There’s a skill to doing this properly – your ability to mentally simulate a scenario is limited by two key factors: 1) your imagination and 2) your knowledge. Both of these can be helped by bringing other people into your planning process (you can use the time saved by being less concerned about the fine detail of your benefit or forecast figures). You need to use diverse groups of people to get the most out of planning – to broaden imagination it’s important to bring in people with very different experiences to your own (we tend to think within our own paradigm, which is set by our experiences) and to broaden knowledge we require subject matter experts in areas across the plans’ elements (e.g. if you were building a football stadium, you don’t only want people who’ve built football stadia – they’re useful, but you also want people with knowledge of delivering large construction projects, of the leisure/entertainment industry, of turf and the conditions that impact on it etc.).

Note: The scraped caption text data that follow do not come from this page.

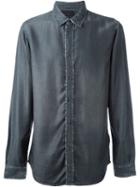 Diesel Black Gold Distressed Denim Shirt, Men's, Size: 50, Grey, Lyocell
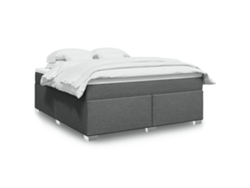 Cama Box Spring Con Colchón Tela Gris Oscuro 180x200 Cm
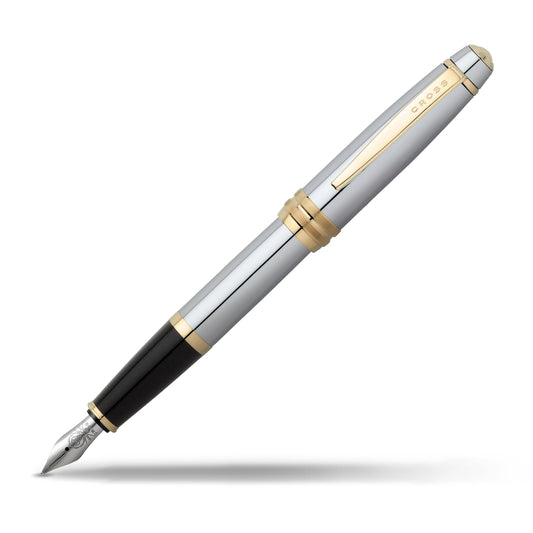 Cross Bailey Refillable Fountain Pen, Medium Nib, Includes Premium Gift Box - Medalist Chrome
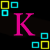Pixelated name 'Kelsey' in bright colors with surrounding square blocks on black background, static display.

The more you’ve simulated both your preferred option and your range of options, the better prepared you are to deliver the project – whether it goes to plan or (infinitely more likely) not.
When things go wrong we often worry, unsurprisingly, about things having gone wrong. But that doesn’t generate progress for the project (although it might deliver some learning). Mental simulation leaves you more prepared to handle events when they go off the expected path because you don’t have to rely on impulsive decision making – you already at least have a rough idea of what to do.
Worry Less About the Output and More About the Process
Planning is a hugely useful thing to do, but only when time and effort is spent in the right way. Desperately hoping to get your delivery schedule right to the exact day or your benefit figures to a precise figure leaves you on a hiding to nothing – there are too many unknowns in the world and we have all sorts of biases in our reasoning. We just have to be more laid back about that (as well as relaxing about whether people meet our own projections – if we consistently over-deliver, then it’s because we’re consistently under promising).